I wrote another rap song to inspire my Pop Practicum students

I’m making my students in the NYU Popular Music Practicum write and perform original rap verses. To encourage them, I wrote one too, like I did last year. The samples are from Erroll Garner’s recording of “Close To You” by the Carpenters.

Here are the lyrics.

Does anybody need to hear a white dad rapping?
Can I get your foot tapping, your hands clapping?
As I’m uncapping my rhymes, am I remapping your minds?
Am I overlapping all of the lines?
This is music education
I write this for the motivation of the Pop Practicum
It’s practical and praxial
An actual factual academic requirement
Am I going to be making beats in my retirement?
You may ask, why me, why do I have to do this?
How will I get through this?
Will I sound corny and inauthentic?
I’m feeling frantic, it’s not romantic
I’m digging through Rhymezone.com
Traversing the rhizome, not calm,
Following a trail of free association
Exercising my freedom of association and freedom of speech
This is an unorthodox way to teach
I’m not an emcee, more of a producer
I hope this beat gets you looser
It’s Errol Garner playing a song by the Carpenters
Like a feral farmer sharpening the long tools of a gardener
Why do birds suddenly appear, every time you are near?
Just like me, they long to be a dope emcee
Do you believe me?
I listen to too much Lin-Manuel Miranda, can you tell?
Maybe you can’t understand a word
Maybe I’m being too clever
That will be my problem forever
I feel no need to make sense whatsoever, but whatever
Whenever I write rhymes, the light shines in me
And maybe in you too
So now let me hear what you can do

I wouldn’t exactly say I’ve got bars, but I really enjoy this exercise a lot and recommend it to anyone.
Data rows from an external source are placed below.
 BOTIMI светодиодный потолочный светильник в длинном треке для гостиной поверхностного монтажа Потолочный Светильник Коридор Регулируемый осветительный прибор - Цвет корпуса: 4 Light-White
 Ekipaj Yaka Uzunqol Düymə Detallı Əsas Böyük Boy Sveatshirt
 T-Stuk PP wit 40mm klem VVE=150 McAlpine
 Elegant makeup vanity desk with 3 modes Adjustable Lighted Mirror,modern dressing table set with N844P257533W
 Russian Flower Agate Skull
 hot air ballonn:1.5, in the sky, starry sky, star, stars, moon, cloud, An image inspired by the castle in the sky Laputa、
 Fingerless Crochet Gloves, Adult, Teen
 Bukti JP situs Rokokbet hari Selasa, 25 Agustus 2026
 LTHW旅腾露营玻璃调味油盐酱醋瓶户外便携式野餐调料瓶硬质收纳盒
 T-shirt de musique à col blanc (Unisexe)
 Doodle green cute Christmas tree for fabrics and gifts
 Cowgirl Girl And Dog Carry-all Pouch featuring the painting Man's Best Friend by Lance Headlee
Rapping is very hard to do well, but it’s not hard to at least try it out. The wordplay activates a part of your mind that usually is just latent. All language has a musical aspect to it, but usually you only engage that aspect unconsciously. Putting it front and center in your attention is a pleasurable change of pace, and it’s one that I recommend every musician try at some point.